史莱克学院从天斗赛区的无名之辈,一夜之间成了本届魂师大赛最大的黑马。选手村里的其他学院开始用复杂的目光打量这群穿月白色队服的年轻人,看台上他们的比赛场次越来越满,连弗兰德走在路上都有人朝他点头致意。
弗兰德表面上一副波澜不惊的模样,背地里却悄悄把史莱克的队旗换了一面新的。
玉小刚难得没有嘲讽他。
连赢四场之后,弗兰德大手一挥,给所有人放了一天假。
“该吃吃该喝喝,”他说,“别给我惹事就行。”
众人作鸟兽散。戴沐白拉着朱竹清不知去了哪里,奥斯卡和马红俊勾肩搭背地出门觅食,小舞拽着宁荣荣说要去看天斗城的胭脂铺子,泰隆被黄远拖去加练,京灵和绛珠说要去城东的书肆。
千寻昙站在驻地门口,阳光落在她月白色的衣襟上。
唐三走到她身侧。
“出去走走?”他问。
千寻昙点了点头。
天斗城的春日比索托城来得更早。街道两旁的槐树已经抽出密密的新叶,风一吹便沙沙作响。千寻昙走得不快,唐三便也放慢了步子。
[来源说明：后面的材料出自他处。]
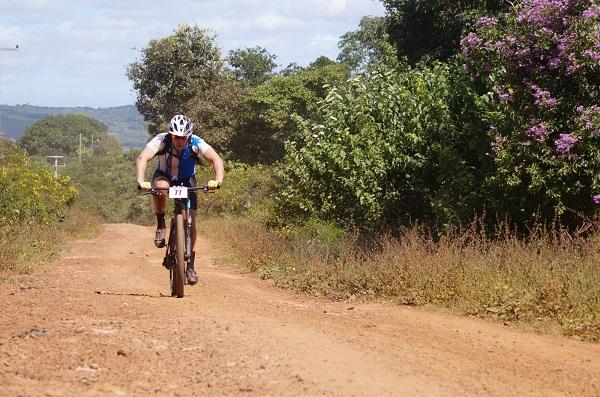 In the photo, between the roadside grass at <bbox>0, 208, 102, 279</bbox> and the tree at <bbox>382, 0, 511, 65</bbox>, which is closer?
the roadside grass at <bbox>0, 208, 102, 279</bbox>

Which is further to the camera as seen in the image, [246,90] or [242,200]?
[246,90]

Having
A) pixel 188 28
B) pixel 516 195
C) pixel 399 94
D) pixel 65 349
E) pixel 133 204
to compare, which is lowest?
pixel 133 204

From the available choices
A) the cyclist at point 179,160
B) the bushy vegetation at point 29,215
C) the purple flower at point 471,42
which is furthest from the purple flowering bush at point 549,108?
the bushy vegetation at point 29,215

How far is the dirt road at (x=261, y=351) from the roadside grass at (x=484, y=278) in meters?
0.41

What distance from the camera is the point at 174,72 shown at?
4478 cm

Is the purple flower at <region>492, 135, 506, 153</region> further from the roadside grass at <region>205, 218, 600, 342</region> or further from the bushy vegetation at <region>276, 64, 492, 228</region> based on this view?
the bushy vegetation at <region>276, 64, 492, 228</region>

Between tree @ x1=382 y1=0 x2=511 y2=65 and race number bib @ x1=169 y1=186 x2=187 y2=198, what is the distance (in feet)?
35.6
两人并肩走过几条街,路过一家卖糖炒栗子的小摊。唐三停下来买了一包,纸袋还烫手,他递给她。
千寻昙接过,剥开一颗。
栗子很甜,糯糯的,在舌尖化开。
她的指尖忽然泛起一点极淡的浅金色。
那光芒很轻,轻得像从指缝间漏出的一缕晨光。然后一个细细的、带着几分慵懒的声音在她脑海里响了起来。
“栗子……”
千寻昙低头看着自己的指尖。
“相思?”她在心里唤了一声。
“唔。”那声音含糊不清,像是刚睡醒,“好香……”
唐三也停了下来。
他垂下眼,掌心同样亮起一道极淡的蓝光。
“醒了?”他没有出声,只是静静地感知着精神海里的那个小东西。
“感觉我补充能量睡了好久……”相思的声音软绵绵的,带着刚睡醒的鼻音,“你们到哪儿了?”相思现在适应了这样的生活,说话也不文绉绉的,只是经常沉睡。
“天斗赛区,”千寻昙在心里回答,“七连胜。”
“七连胜?”相思的声音一下子精神了许多,“相思错过了!都怪你们,也不叫醒相思!”
“叫你你也帮不上忙,”唐三的语气平平的,“你连蓝银草都缠不紧。”
“……哼。”
那声音气鼓鼓地消失了。
但千寻昙知道她没有走,只是躲进精神海深处生闷气去了。
她弯了弯唇角,继续剥栗子。
唐三走在她身侧,没有追问她在笑什么。
两人又走了一段。
千寻昙把最后几颗栗子吃完,拍了拍手上的碎屑。
“阿唐。”她说。
“嗯。”
“很久没见到你师娘了。”
唐三的脚步顿了一下。
“东儿前辈,”千寻昙说,“上次在学院见过之后,就一直没再遇见。”
唐三沉默了一会儿。
“她身体不太好,”他说,“这些年一直在静养。”
千寻昙点了点头,没有追问。
她记得那位前辈的样子。
她叫小刚的时候,声音很轻,轻得像怕惊醒什么。
千寻昙没有再问更多。
她只是把“东儿”这个名字记在心里。
精神海里,相思的声音忽然又冒了出来。
“东儿阿姨,”她说,“相思记得她。她身上有好好闻的味道。”
千寻昙没有说话。
“她生病了吗?”相思问。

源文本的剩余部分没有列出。